Look, I know you're
on your hols, but damnit, something has got to be done.
You know he's got to go, I know he's got to go. The whole country, indeed the whole freakin' world knows he's got to go. There are probably alien tribes inhabiting nearby star systems banging their heads against walls because he hasn't gone yet. Everybody but
Mr. Tony Blair himself knows he needs to be spending more time with his family. A lot more time. Starting yesterday.
So DO something already.
Please.
Yes, it's unfortunate that the byzantine internal wrangling of the Labour party doesn't seem to be cutting it on this one, but there it is. Time to stage an intervention.
Sure, a
no-confidence vote that actually succeeds is completely out of the question, I understand that. Too much of a nuclear option -- christmaselections! scary! me turkeybackbencker! party broke! expensive! -- okay fine. But can't you come up with something else? I don't know, something like:
'Notwithstanding our utter confidence in Her Majesty's Government, honest guv, and in order to prevent the country's tarnished reputation being even further dragged through the mud, and to avoid us all waking tomorrow to find we've been signed up for whatever lunatic military or foreign policy scheme President Bush has cooked up over the barbecue this week, and so we don't keep having to disgust our foreign friends by confessing that no, Tony's not gone yet, and no we don't know when he's going; this House requires and expects that the Right Honourable Anthony Blair MP resign the office of Prime Minister (or First Lord of the Treasury, or whatever we're formally calling it these days) and hereby petitions Her Majesty the Queen to appoint some other qualified MP-like-dude-of-the-majority-party to the above office.'
...only more Parliamentary and possibly using actual real sentences. Yes, I realise that mostly likely means
Gordon Brown as Prime Minister, and he makes you and all the pundits and a bunch of people out here in the country cry, but we'll all deal with it. I know we will. We survived the
Earl of Bute as PM. We can weather Gordon for at least a while. Some people even like him so I hear, and he does have the small slight advantage of never having been Home Secretary, so we may hope he doesn't bear the ancient curse of insane evil that afflicts all that have touched the eldritch dread of the Government Department that Drives Men Mad.
If you have to get
Mr.Speaker liquored up to rule that sort of thing in order, then do so. Or, if you can't stomach that one, think of something else. Anything else. For crying out loud you've got a whole unwritten constitution and all that 'parliamentary sovereignty' stuff you keep boring on about whenever anything to do with Europe comes up, work with me here.

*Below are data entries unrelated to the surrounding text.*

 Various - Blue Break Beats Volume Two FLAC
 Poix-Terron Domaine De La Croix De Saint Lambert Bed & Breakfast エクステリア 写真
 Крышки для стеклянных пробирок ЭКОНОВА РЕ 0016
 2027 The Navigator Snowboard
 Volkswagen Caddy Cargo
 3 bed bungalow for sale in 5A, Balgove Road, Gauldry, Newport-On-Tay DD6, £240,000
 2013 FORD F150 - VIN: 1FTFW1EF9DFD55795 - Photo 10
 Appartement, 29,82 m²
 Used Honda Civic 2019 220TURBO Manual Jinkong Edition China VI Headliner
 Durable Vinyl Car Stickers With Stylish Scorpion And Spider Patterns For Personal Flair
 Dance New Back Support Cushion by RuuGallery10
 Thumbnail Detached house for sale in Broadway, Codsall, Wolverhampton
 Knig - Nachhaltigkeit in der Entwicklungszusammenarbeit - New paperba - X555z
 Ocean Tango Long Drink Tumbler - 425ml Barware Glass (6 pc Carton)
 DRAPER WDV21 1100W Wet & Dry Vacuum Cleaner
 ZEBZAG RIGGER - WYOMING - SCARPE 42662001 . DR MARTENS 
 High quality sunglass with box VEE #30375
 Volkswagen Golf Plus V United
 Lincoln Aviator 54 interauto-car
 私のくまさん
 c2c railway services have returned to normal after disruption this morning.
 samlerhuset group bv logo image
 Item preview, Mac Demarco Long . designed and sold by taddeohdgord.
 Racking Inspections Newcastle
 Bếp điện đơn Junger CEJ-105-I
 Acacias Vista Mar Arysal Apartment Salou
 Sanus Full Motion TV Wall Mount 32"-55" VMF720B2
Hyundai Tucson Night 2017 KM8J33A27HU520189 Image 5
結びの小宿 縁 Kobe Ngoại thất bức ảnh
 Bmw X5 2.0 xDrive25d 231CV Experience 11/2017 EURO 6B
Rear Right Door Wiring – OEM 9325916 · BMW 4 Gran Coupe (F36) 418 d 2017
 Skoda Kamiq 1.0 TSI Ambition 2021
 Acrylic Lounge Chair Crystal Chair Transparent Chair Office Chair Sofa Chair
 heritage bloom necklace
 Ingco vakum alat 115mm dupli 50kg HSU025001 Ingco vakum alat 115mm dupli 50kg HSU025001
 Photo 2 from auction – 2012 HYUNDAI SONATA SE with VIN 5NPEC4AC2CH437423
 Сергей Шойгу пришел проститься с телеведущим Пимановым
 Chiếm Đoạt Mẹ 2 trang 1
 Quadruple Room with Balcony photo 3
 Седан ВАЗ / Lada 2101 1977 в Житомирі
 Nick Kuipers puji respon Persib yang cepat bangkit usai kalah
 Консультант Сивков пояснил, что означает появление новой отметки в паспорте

I mean, you used to be good at this sort of thing, you even got rid of Kings you didn't like and everything. Okay, I admit a
Civil War or
asking Holland to invade isn't exactly ideal -- though come to think of it, is their PM any good? Would they need additional naval transport to get to Westminster? -- but you got smoother at it. Go and suddenly discover that
Tony's girlfriend is divorced and an American or something. Or have him disastrously
invade a country in the middle-east on dubious grounds and completely screw the whole thing up...
...Oh, right, sorry.
Just DO IT, and do it NOW, give him the ol' heave ho, before we all become so ashamed to admit our British citizenship that we start pretending to be
Canadian. You wouldn't like us when we're Canadian. Don't make us pretend to be Canadian.
C'mon UK Parliament, you can do it! Get yourself out there on that field and make our country proud! We're all rooting for yer!
...
Yes, I even emailed it to
The Times, sans linkage, just call me disgusted of Tunbridge Wells. Completely the wrong length, format and style to ever be printed of course.